Almost 40pc of Irish adults binge drink
Binge drinking still a problem as total alcohol intake falls
AN international study has found that the amount of alcohol consumed by Irish people is declining – but binge drinking is still a major problem.
Two-thirds of Irish male drinkers and one-third of women engaged in “heavy episodic drinking” over the previous month, the report says. This is defined in the study as the consumption of at least six standard drinks – such as a small glass of wine or a half-pint of beer – in one sitting.
Overall, almost 40 per cent of all adults here engaged in binge drinking, putting Ireland second out of 194 countries studied, with only Austria recording a higher incidence. In Britain, the rate of binge drinking was 28 per cent.
The World Health Organisation (WHO) global status report on alcohol and health 2014 examined 194 countries.
It revealed that the harmful use of alcohol causes 3.3 million deaths a year worldwide.
The report’s Ireland profile showed that 13.4 litres of pure alcohol were consumed per person in Ireland from 2003 to 2005. That fell to 11.4 litres from 2008 to 2010.

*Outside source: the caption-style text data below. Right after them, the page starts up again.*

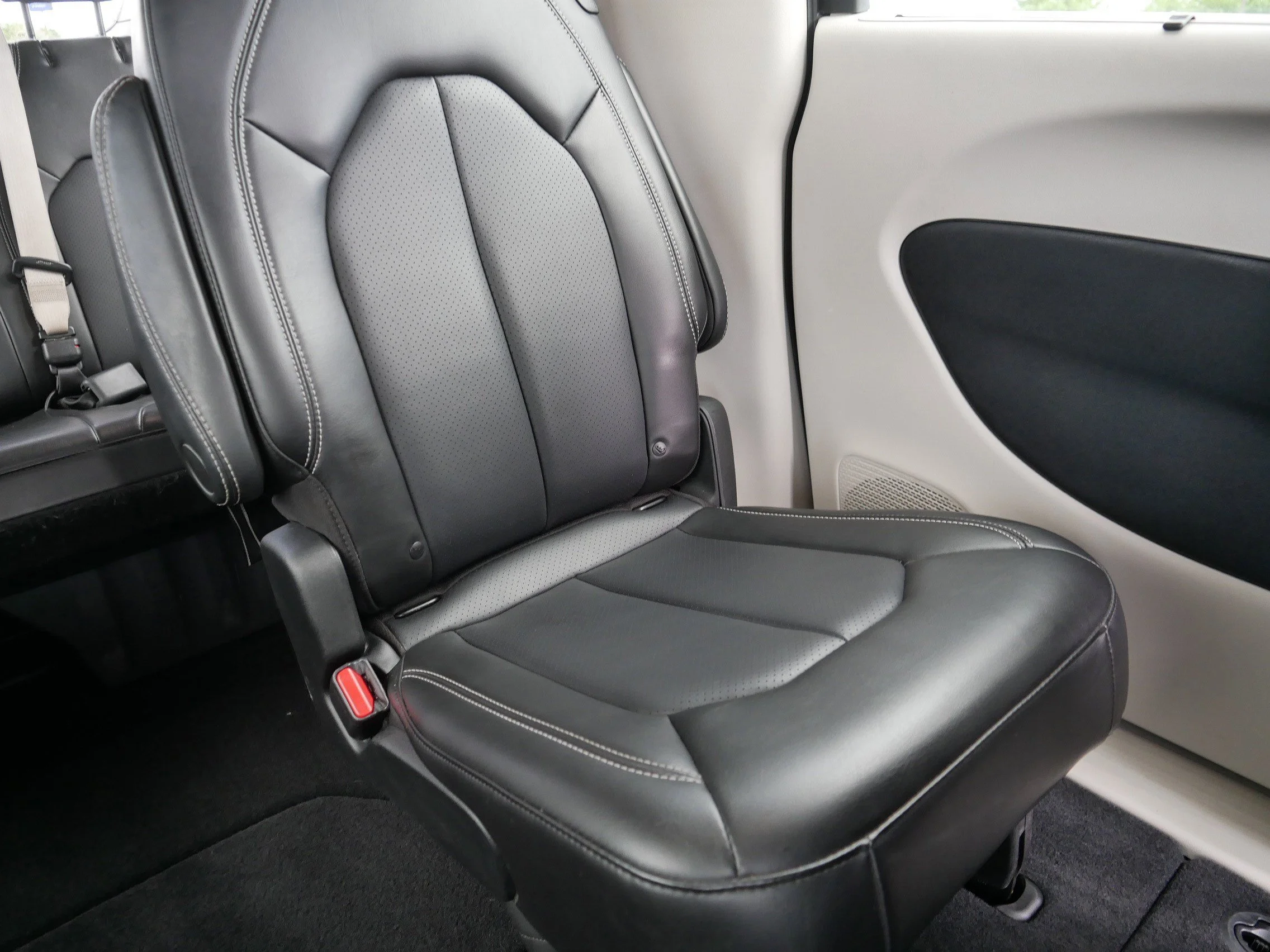 Used 2023 Ceramic Gray Clearcoat Chrysler Touring L image 14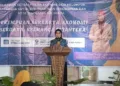 Bupati Kendal, Dyah Kartika Permanasari, memberi sambutan dalam kegiatan "Pelatihan Keterampilan Ekonomi bagi Kelompok Perempuan untuk Meningkatkan Kemandirian dan Kesejahteraan Keluarga" di Balai Desa Bulugede, Kecamatan Patebon, Kamis, 17 September 2026. (Anik Kustiani/Lingkarjateng.id)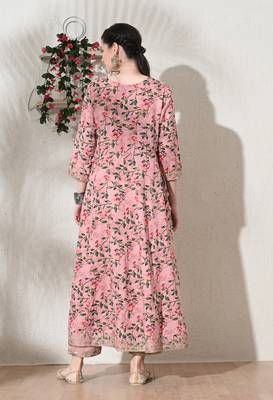 Women floral embroidered regular kurta with trousers & with dupatta 2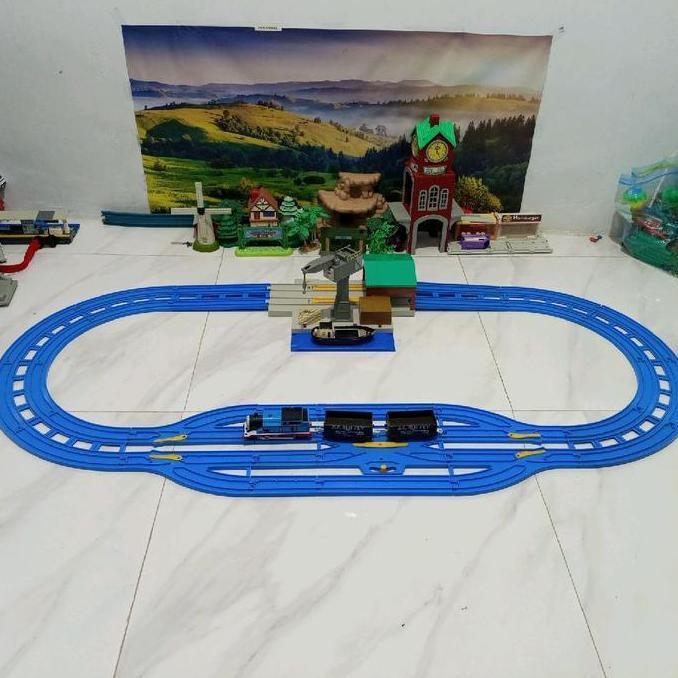Takara Tomy Plarail - Thomas the Tank Engine Chikaramochi Cranky Set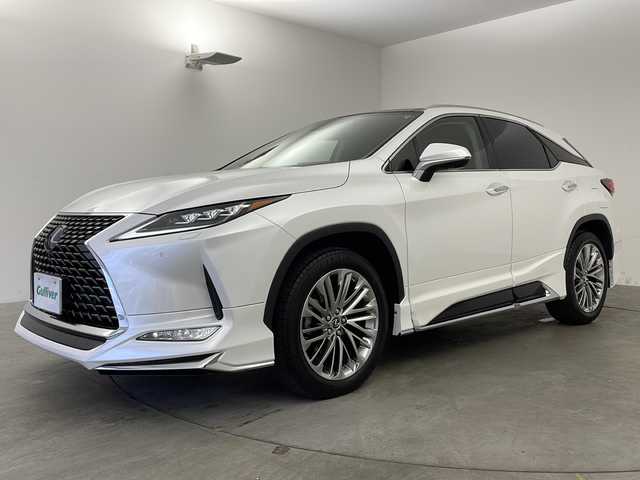 レクサス ＲＸ 450h バージョンL 兵庫県 2022(令4)年 2.6万km ソニッククォーツ ・純正メモリナビ/・CD/DVD/BT/AUX/SD/USB/・フルセグTV/・レーダークルーズコントロール/・パドルシフト/・BSM/・HUD/・電動パーキングブレーキ/・ブレーキホールド/・ビルトインETC2.0/・VSC/・LTA/・先行車発進告知機能/・アラウンドビューモニター/・４眼LEDヘッドライト/・オートマチックハイビーム/・オートライト/・１００V電源/・パワーバックドア/・ステアリングヒーター/・メモリーシート（運転席＋助手席）/・全席パワーシート/・全席シートヒーター/・シートベンチレーション（運転席＋助手席）/・ドライブレコーダー（前＋車室内）/・スカイルーフ/・ムーンルーフ/・レザーシート/・コンビステアリング/・純正エアロ/・スマートキー/・プッシュスタート/・純正アルミホイール/・純正フロアマット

Ireland was outside of the top 10 heaviest drinking countries in the world by this measurement.
Portugal came in 10th with a rate of 12.9 litres of alcohol per person, while Belarus was first with 17.5 litres
But Alcohol Action Ireland warned that the study also showed binge drinking was a problem.
When the 19pc of non-drinkers aged 15 or over were excluded, the WHO report showed that 62.4pc of men and 33.1pc of women had binged on alcohol in the previous month – 48.2pc of all Irish drinkers.
“How alcohol is consumed can be as important as the quantity consumed,” said Suzanne Costello, chief of Alcohol Action Ireland.
Ms Costello said that binge drinking was defined as taking 60g of alcohol or more on one drinking occasion – at least six standard drinks.
The WHO found that worldwide, around 16pc of drinkers engage in binge drinking, but in Ireland the figure is three times that amount.
“This harmful drinking pattern is reflected by the fact that three people are dying every day due to alcohol in Ireland,” said Ms Costello.
A statement from the Alcohol Beverage Federation of Ireland emphasised that it was an opportunity to discuss the important societal issue of alcohol misuse.
“The report is correct in highlighting the high levels of binge drinking,” it said.